Return of the stock picker

Return of the stock picker

One of the questions we frequently get asked is what we think of the level of the market.

This is especially true at the moment with substantial increases in equity prices the world over since March 23.

The first thing to say is that we pay little attention to such matters.

Predicting the short term movements of any asset governed by human psychology is a fool’s errand.

Markets can remain irrational longer than you can remain solvent, to paraphrase John Maynard Keynes.

If pushed, however, we would offer a number of possible explanations of what is driving market behaviour in the short term.

Central banks

1) “Don’t fight the Fed”. This is one of the oldest market adages.

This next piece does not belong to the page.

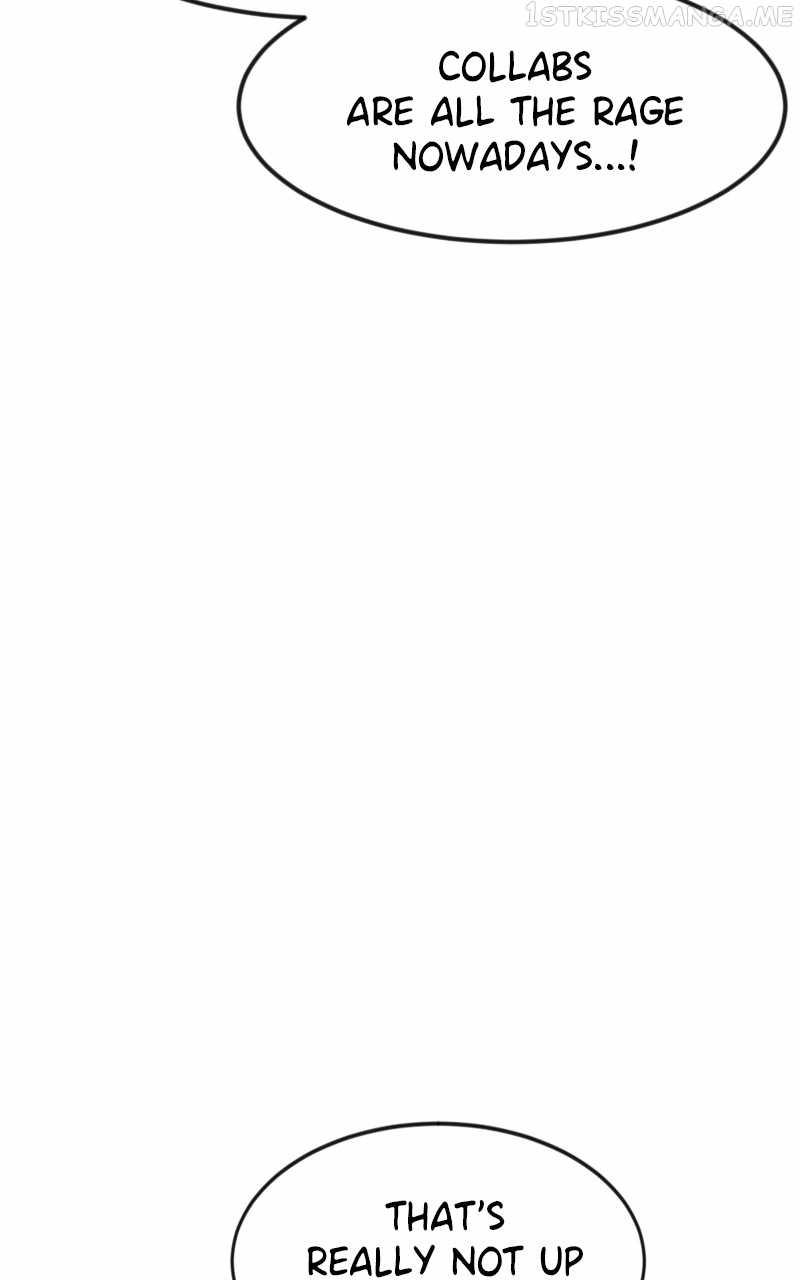 Double Click chapter 68 page 31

What it effectively means is that only the foolhardy would take an opposing position to the Fed (or any other central bank of substance for that matter).

Although opinions differ on the effectiveness on the world’s healthcare response, one thing to be lauded is the speed with which governments and bankers have acted to protect individuals and businesses from the harshest immediate impacts of economic sclerosis.

Interest rates have been slashed. Unprecedented job retention schemes have been swiftly implemented.

To use the analogy of a game of poker, the Fed has gone all in. In the UK, chancellor Rishi Sunak said the government will do “whatever it takes” whilst launching a £350bn package of loans and grants to businesses. Fighting talk indeed.

Market moves

2) Stock markets don’t move in sync with economic data. Markets are generally forward looking in nature hence the FTSE reading today is looking at least six to twelve months into the future.

If there is one thing that is certain it’s that there will be some degree of economic recovery following months of draconian lockdown measures.

Whether the snap back is as robust as some are predicting, the so-called V shape recession, remains to be seen. A Nike “swoosh” may be a much more plausible scenario in our view.


3) Interest rates have been slashed and excess liquidity is looking for a home.

Not that long ago the pathway for future interest rates seemed to be up rather than down.

Coupled with central banks pumping liquidity into the system, near-zero rates mean a wall of ultra-cheap money looking for a home.

The argument is that at least part of this excess cash is finding its way into equities.

In the US in particular, the day trader is back with a vengeance and there is undoubtedly an element of speculation going on in certain stocks.

Why else would the stock price of Hertz, a car rental business that declared bankruptcy in the US in May, have risen by over five-fold during the first few days of June?